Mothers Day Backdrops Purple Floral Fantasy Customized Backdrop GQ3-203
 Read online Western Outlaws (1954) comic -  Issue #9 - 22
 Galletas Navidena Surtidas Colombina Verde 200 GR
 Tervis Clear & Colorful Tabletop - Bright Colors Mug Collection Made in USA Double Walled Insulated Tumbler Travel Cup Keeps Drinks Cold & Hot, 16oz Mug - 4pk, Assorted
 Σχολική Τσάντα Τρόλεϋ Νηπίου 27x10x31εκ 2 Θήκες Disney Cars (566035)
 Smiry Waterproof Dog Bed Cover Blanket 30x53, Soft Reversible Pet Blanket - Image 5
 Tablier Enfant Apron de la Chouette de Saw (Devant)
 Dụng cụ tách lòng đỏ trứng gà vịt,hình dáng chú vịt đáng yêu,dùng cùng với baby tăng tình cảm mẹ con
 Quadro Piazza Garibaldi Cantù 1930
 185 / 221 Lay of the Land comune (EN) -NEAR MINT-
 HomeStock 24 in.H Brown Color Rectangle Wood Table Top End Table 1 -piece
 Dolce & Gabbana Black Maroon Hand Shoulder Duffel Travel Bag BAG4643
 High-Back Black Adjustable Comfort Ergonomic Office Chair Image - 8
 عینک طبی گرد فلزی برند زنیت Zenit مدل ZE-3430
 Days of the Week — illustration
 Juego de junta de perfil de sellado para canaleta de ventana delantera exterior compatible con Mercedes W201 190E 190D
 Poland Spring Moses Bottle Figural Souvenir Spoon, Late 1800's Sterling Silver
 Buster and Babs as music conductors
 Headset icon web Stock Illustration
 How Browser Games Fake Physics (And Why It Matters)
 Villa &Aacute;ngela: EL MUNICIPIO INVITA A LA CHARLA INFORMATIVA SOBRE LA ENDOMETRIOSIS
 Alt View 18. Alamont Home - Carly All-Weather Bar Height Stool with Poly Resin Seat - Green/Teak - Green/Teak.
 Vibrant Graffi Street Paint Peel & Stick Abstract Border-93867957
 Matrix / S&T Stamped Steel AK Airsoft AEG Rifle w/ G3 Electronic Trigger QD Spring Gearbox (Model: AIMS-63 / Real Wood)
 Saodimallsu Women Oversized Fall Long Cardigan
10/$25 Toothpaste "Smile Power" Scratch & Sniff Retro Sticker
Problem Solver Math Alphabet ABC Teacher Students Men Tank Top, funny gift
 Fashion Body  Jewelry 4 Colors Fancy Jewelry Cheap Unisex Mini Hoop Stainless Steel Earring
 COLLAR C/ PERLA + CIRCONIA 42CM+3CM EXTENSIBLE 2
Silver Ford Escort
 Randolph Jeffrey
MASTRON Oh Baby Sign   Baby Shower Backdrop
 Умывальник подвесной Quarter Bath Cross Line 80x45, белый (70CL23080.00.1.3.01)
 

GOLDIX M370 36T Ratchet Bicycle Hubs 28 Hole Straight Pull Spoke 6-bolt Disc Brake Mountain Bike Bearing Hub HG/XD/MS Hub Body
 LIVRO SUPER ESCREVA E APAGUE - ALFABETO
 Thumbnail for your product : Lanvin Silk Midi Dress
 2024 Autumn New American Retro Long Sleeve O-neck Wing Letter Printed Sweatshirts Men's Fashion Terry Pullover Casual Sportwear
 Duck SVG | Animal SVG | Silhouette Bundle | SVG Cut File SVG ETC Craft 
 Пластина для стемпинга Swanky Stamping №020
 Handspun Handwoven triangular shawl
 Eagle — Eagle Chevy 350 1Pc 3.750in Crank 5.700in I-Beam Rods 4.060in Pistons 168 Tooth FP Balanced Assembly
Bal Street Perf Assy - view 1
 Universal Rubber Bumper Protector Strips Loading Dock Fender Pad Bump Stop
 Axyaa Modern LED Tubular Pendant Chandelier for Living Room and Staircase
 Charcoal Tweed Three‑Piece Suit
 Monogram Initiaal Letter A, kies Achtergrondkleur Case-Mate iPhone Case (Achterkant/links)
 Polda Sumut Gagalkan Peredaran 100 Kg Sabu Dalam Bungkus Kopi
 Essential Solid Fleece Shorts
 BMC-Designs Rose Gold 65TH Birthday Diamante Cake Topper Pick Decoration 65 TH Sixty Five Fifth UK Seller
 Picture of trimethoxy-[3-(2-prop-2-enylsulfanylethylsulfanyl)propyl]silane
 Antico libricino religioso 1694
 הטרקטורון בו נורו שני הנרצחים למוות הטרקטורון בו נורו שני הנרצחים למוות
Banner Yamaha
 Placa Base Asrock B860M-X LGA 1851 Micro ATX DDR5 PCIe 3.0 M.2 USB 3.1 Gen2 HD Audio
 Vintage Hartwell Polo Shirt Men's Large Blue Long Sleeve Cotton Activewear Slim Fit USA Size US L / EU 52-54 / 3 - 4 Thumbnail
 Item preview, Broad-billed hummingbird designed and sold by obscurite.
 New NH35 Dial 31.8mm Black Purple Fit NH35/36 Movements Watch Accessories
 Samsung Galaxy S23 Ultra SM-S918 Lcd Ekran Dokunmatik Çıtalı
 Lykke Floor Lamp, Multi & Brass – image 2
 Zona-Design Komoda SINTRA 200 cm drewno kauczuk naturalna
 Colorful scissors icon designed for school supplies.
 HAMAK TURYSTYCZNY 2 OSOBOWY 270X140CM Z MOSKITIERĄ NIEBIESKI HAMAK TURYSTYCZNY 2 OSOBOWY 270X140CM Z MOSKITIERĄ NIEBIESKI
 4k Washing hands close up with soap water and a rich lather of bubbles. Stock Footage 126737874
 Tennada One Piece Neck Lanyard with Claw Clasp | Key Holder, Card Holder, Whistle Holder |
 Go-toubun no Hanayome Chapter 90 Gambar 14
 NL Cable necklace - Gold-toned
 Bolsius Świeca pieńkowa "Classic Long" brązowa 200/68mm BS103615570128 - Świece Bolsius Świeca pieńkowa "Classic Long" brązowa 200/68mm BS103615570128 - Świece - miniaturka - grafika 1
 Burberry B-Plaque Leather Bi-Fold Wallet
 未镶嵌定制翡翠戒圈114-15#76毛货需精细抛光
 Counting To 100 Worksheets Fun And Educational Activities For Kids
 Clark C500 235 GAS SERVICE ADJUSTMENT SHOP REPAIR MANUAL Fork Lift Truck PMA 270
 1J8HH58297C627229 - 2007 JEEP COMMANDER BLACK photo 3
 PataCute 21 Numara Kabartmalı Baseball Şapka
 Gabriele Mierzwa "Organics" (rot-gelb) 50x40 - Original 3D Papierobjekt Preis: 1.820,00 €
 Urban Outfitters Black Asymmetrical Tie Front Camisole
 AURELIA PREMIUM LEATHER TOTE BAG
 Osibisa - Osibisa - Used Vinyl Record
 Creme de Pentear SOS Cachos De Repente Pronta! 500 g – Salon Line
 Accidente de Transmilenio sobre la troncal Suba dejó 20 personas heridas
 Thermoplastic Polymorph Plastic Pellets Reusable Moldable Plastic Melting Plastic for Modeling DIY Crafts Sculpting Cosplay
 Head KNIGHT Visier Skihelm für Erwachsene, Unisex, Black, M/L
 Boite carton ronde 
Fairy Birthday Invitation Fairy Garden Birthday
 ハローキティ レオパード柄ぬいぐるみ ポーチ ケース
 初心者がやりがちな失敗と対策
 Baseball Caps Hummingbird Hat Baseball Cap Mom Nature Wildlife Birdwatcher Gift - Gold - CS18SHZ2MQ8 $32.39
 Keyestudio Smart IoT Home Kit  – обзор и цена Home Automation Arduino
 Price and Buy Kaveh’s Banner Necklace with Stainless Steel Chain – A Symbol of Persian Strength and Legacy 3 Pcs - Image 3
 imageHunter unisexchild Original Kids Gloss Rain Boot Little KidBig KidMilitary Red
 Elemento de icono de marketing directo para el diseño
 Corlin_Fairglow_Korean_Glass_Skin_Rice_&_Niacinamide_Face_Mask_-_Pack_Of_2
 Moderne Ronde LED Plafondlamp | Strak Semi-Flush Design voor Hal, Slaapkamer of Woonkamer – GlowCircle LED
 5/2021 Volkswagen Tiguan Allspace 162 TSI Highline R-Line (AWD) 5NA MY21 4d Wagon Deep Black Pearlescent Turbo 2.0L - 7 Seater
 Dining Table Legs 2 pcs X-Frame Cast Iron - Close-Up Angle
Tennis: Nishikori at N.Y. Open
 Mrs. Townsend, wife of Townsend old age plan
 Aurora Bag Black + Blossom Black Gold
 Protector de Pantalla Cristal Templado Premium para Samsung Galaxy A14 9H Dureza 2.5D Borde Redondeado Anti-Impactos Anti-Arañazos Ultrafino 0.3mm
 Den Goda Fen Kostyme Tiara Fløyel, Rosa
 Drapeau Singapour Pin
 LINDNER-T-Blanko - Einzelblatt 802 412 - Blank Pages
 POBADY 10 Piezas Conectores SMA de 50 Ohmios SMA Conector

Work to be completed
Would you copy out every line in the records that includes the string "Colorful"?

Result of the exercise
 Tervis Clear & Colorful Tabletop - Bright Colors Mug Collection Made in USA Double Walled Insulated Tumbler Travel Cup Keeps Drinks Cold & Hot, 16oz Mug - 4pk, Assorted
 Colorful scissors icon designed for school supplies.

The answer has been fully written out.